■ **Data provided**:
• • • • •

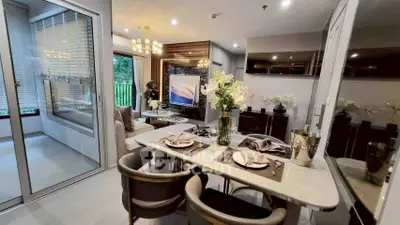 Luxurious modern living room with elegant dining area and stylish decor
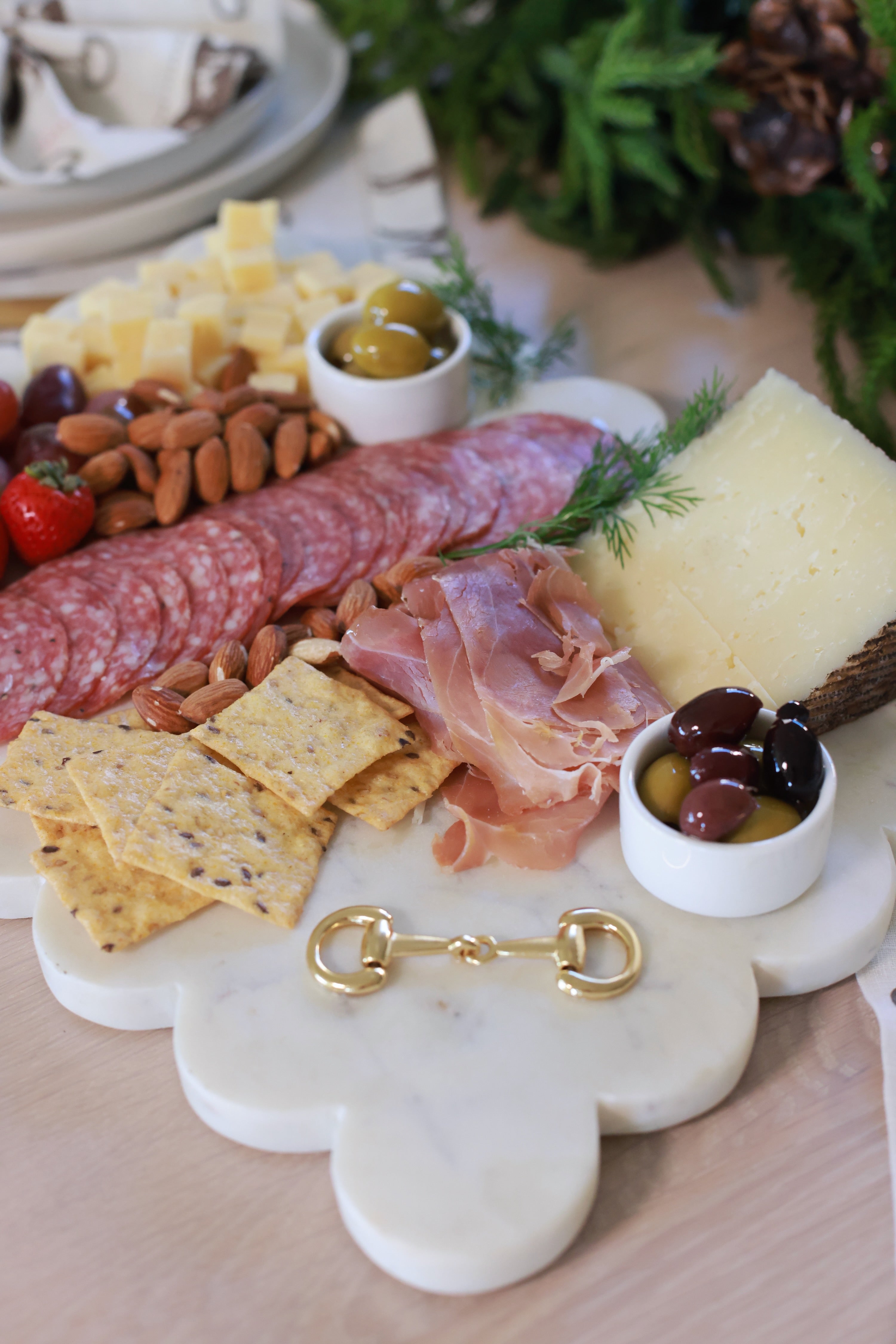 Elegant white marble scalloped serving board with gold D-ring bit, styled in an equestrian-themed kitchen. The handcrafted marble board features subtle natural veining and polished gold hardware, displayed with cheese, fruits, and wine accents. Perfect as a horse-inspired charcuterie tray or decorative equestrian home accent.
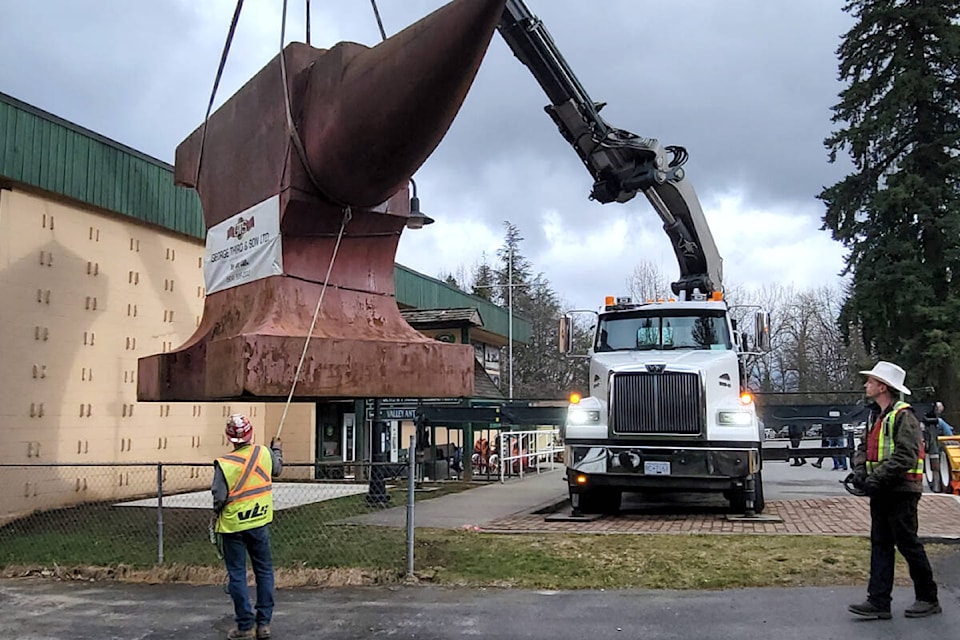 On Wednesday, March 13, George Third and Son employees delivered the anvil and carefully placed it outside the BC Farm Museum just beside the sign.(Kyler Emerson/Langley Advance Times) 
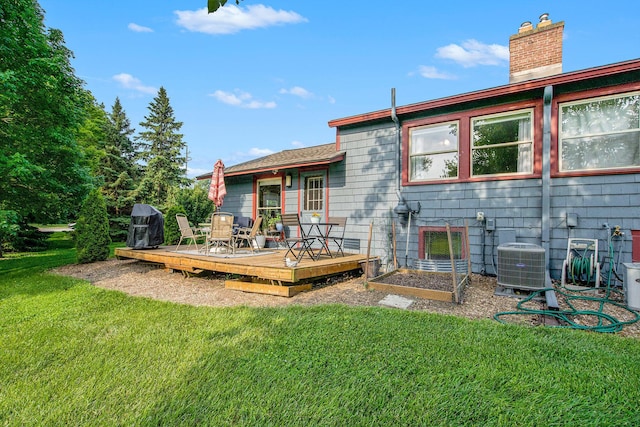 2845 Pittsfield Blvd, Ann Arbor, MI 48104 - rear view of house with central air condition unit, a lawn, a deck, and a chimney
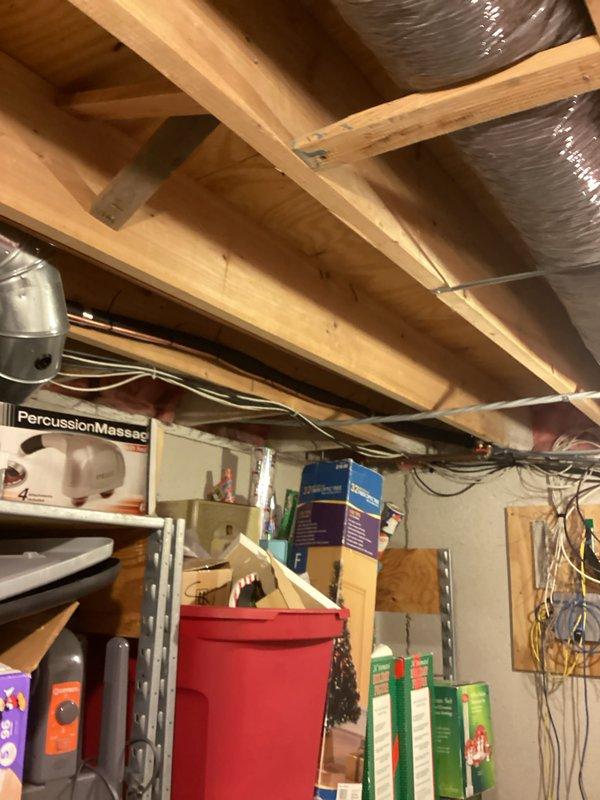 Completed installation of 3.5-ton air conditioning system with matching evaporator coil in residential basement location. Unit positioned on right-side configuration with copper refrigerant lines professionally routed and secured, connected to existing furnace system with proper ductwork integration. All mechanical and electrical permits obtained, condensate drainage system installed with PVC piping, and system reconnected and tested for proper operation.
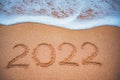 Happy New Year 2022 concept on the sea beach sand. Ocean sunrise Royalty Free Stock Photo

• • • • •

■ **Task item**:
Give back exactly the lines from the line with "Completed installation of" through the final line of the entries above, and keep pictures out of the copy.

■ **Exercise output**:
 Completed installation of 3.5-ton air conditioning system with matching evaporator coil in residential basement location. Unit positioned on right-side configuration with copper refrigerant lines professionally routed and secured, connected to existing furnace system with proper ductwork integration. All mechanical and electrical permits obtained, condensate drainage system installed with PVC piping, and system reconnected and tested for proper operation.
 Happy New Year 2022 concept on the sea beach sand. Ocean sunrise Royalty Free Stock Photo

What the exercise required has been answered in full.